E-learning for Kids is a global, non-profit foundation dedicated to fun and free learning on the internet, or via CD-ROM or pre- installed on computers, for children ages 5 to 12. The foundation was one of the 2011 Learning! 100 award recipients honored by Elearning! Media Group, publishers of Elearning! and Government Elearning! magazines. They say “because many schools, and kids at home, may have access to older computers and/or may not have internet access, or it may be too slow, it is important that online learning resources are provided in both an online and offline format.

One Laptop per Child is an organization which mission is to empower the world’s poorest children through education. To that end they provide children around the world with what they describe as “a rugged, low-cost, low-power, connected laptop.” “We have designed hardware, content and software for collaborative, joyful, and self-empowered learning. With access to this type of tool, children are engaged in their own education, and learn, share, and create together. They become connected to each other, to the world and to a brighter future.”

Major technology companies like Cisco Systems, Intel and Microsoft are prepared to partner with local school boards and state officials to upgrade school infrastructures to make them capable of supporting e-Infrastructures. Back in 2009, the technology giants recognized the need to leverage technology in the education system. Back then they noted “that most education systems have not kept pace with the dramatic changes in the economy at large and the skill sets that are required for students to succeed. These skills include the ability to think critically and creatively; to work cooperatively; and to adapt to the evolving use of technology in business and society.”

In their report, Equipping Every Learner for the 21st Century, Cisco explained “the same technologies that have spurred the development of the Internet as a tool for creating and sharing knowledge could now help learners build critical 21st century skills, supported by the key elements of 21st century pedagogy.” Furthermore the report stated, “These technologies could respond to the concerns and aspirations of parents, teachers, and learners by providing:

Safe online environments owned and populated by each educational institution.
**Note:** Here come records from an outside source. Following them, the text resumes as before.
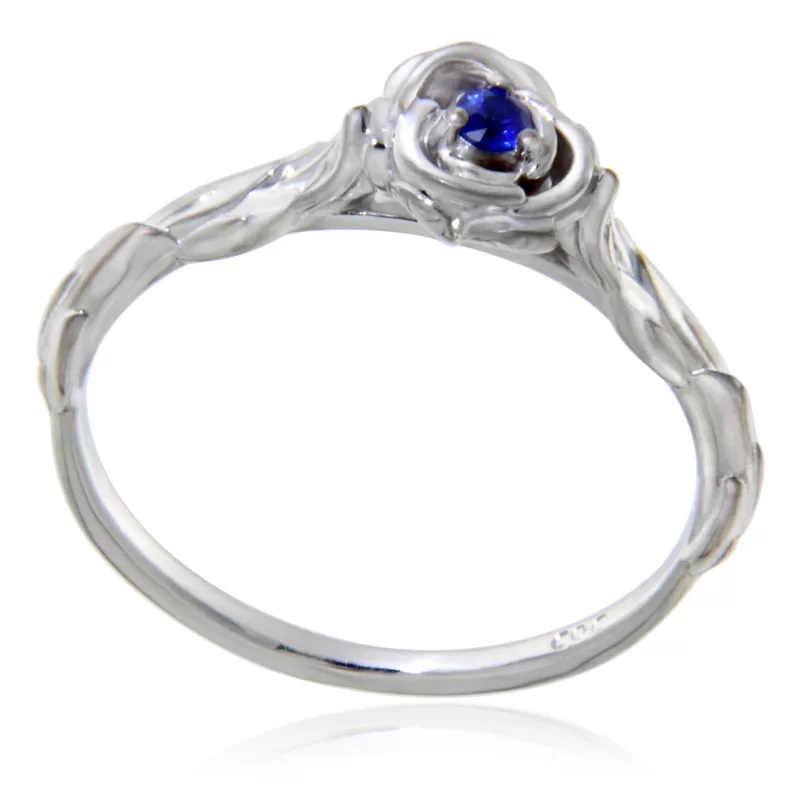 Inel Aur 14k Galben Safir Albastru de Ceylon Natural Trandafir - Blue Velvet Eternal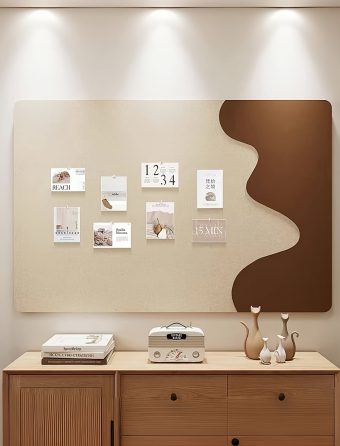 1pc Bohemian Felt Bulletin Board Suitable for Home Decor with Self-Adhesive Backing & Push Pin Display - Felt Board for Photos, Messages, Keys, Hats - Rectangular Wallu002FTable Organizer for Christmas, Birthdays, Valentines, Desktop Decoration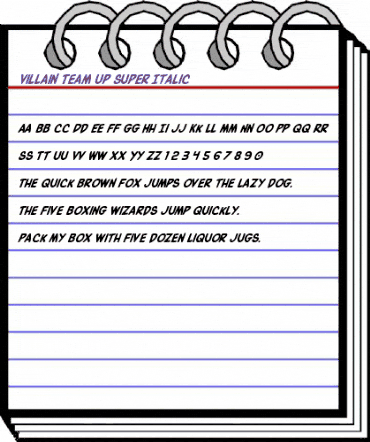 Villain Team-Up Super-Italic Regular animated font preview Villain Team-Up Super-Italic Regular animated font preview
A window for parents to monitor their children’s development and performance and communicate with teachers in much greater detail. The ability for teachers to be “present” throughout a learning journey, providing personalized feedback and coaching students.
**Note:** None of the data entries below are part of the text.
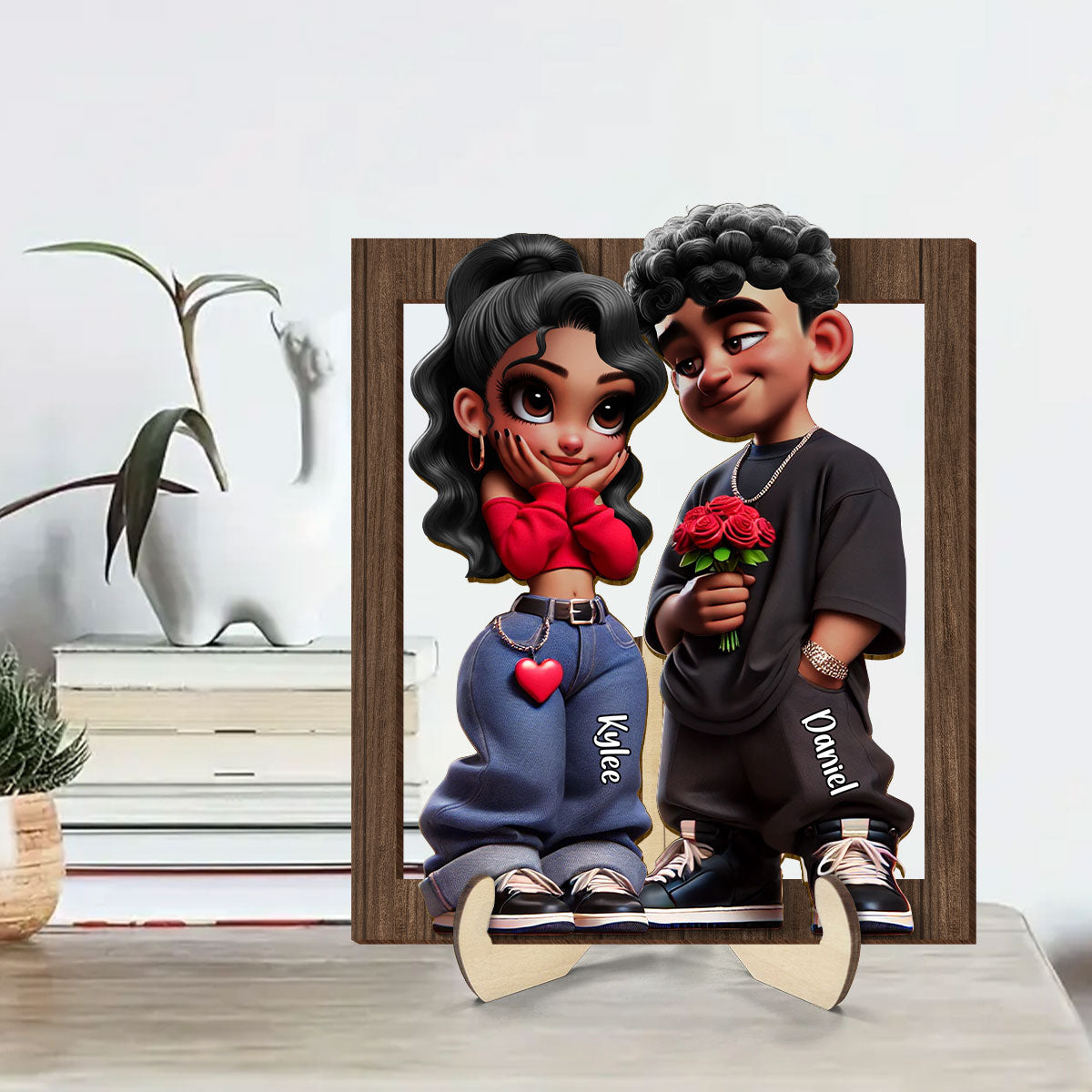 Personalized Y2K Couple 3D Effect Frame 2-Layer Wooden Plaque,  Gift, Anniversary Gift For Him For Her
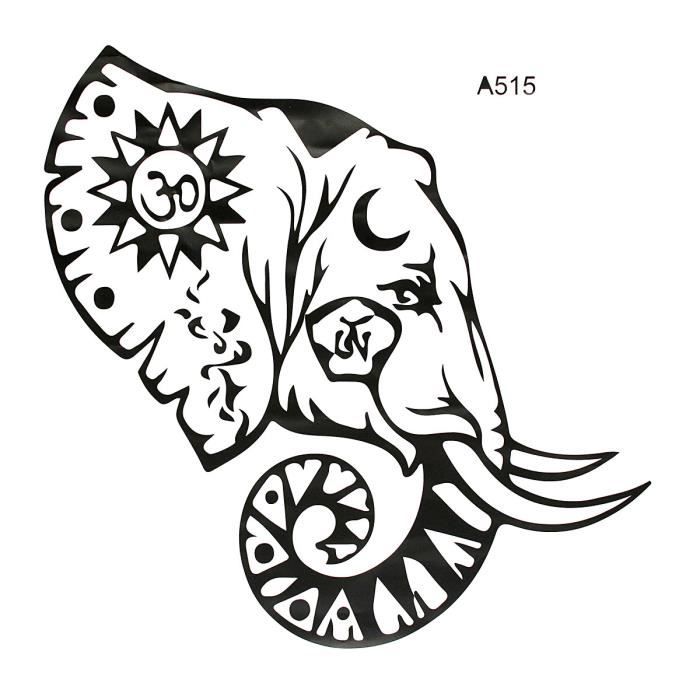 Sticker Animaux Mural Eléphant Indien Noir Décor Verre Cdiscount Maison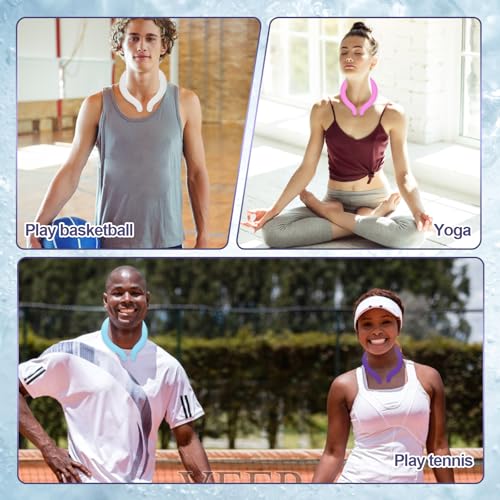 Neck Cooling Tube with Cold Insulated Bag,Neck Cooler Wraps,Reusable 18℃/64℉ Ice Neck Ring Wearable Body Cooling Products for Summer (Navy*2) - color: Navy*2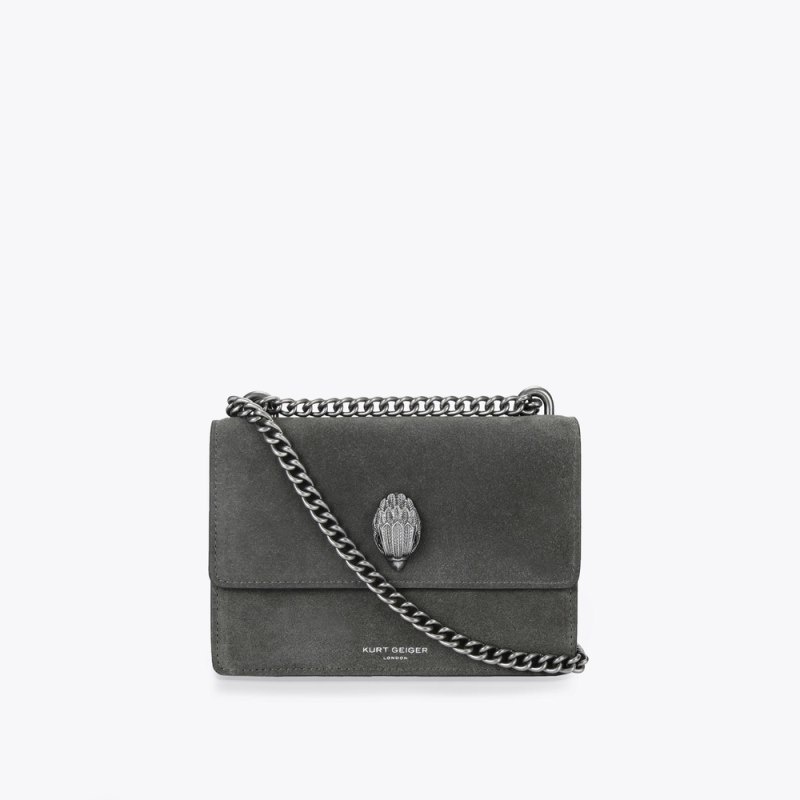 Kurt Geiger London Small Leather Shoreditch Women\'s Crossbody Bags Grey | Malaysia QX43-930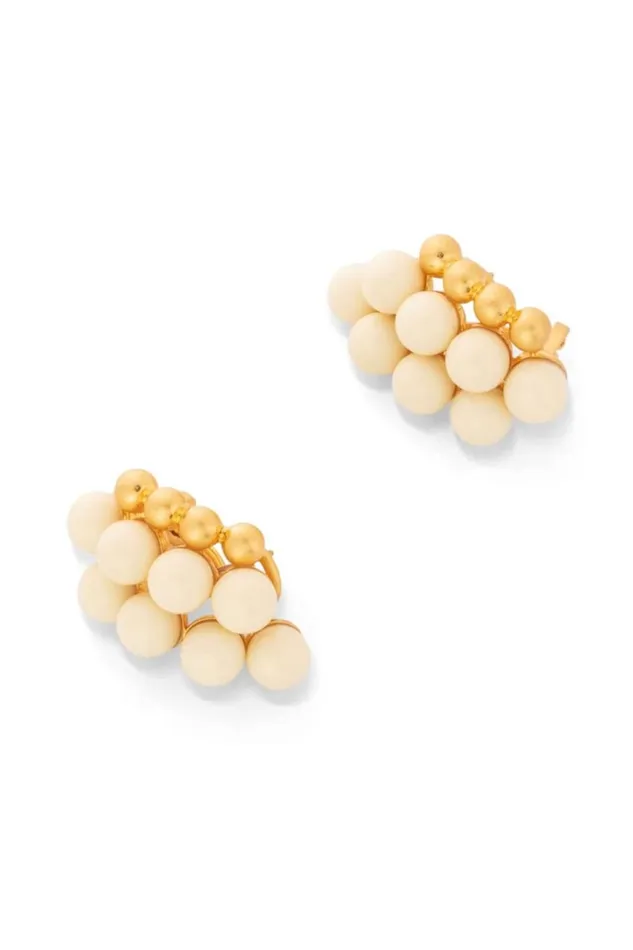 Oroton Pietra Earrings 18k Worn Goldclotted Cream Women Jewellery Oroton Pietra Earrings 18k Worn Goldclotted Cream Women Jewellery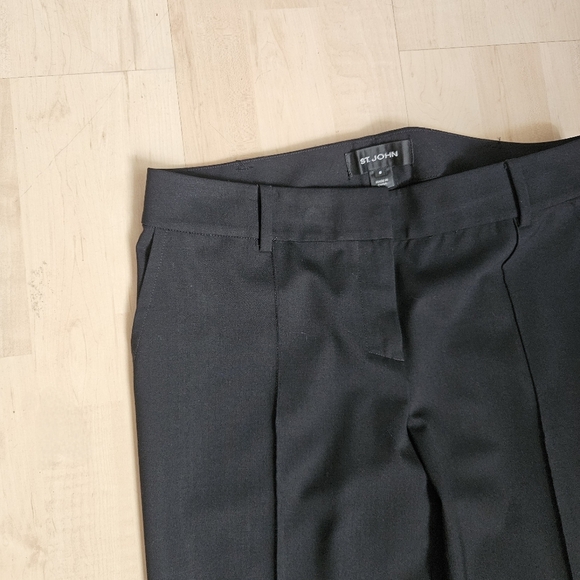 St. John Womens Classic Straight Leg Black Stretch Wool Pants Trousers size 8 - Picture 2 of 8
Don Knezek, the CEO of the International Society for Technology in Education, compares education without technology to the medical profession without technology. Knezek told Mashable.com’s Sarah Kessler, “U.S. schools are still asking if they should incorporate more technology, while other countries are asking how.” In her article Kessler listed 8 ways technology can be and is being used to improve education:

Better simulations and models Global Learning Virtual Manipulatives Probes and Sensors More Efficient assessment Storytelling and MultiMedia E-books Epistemic Games

St. Paul residents are anxious to see the project succeed. Silva told the Star Tribune that she plans to roll out at least one piece of the technology initiative for the 2013-14 school system. The program is an eight year investment, starting next summer and Silva said taxpayers can expect to see results in the first year. Silva said the district is currently soliciting bids for a "teaching and learning platform" that would include electronic courses and interactive quizzes, and a means for teachers, students and parents to communicate.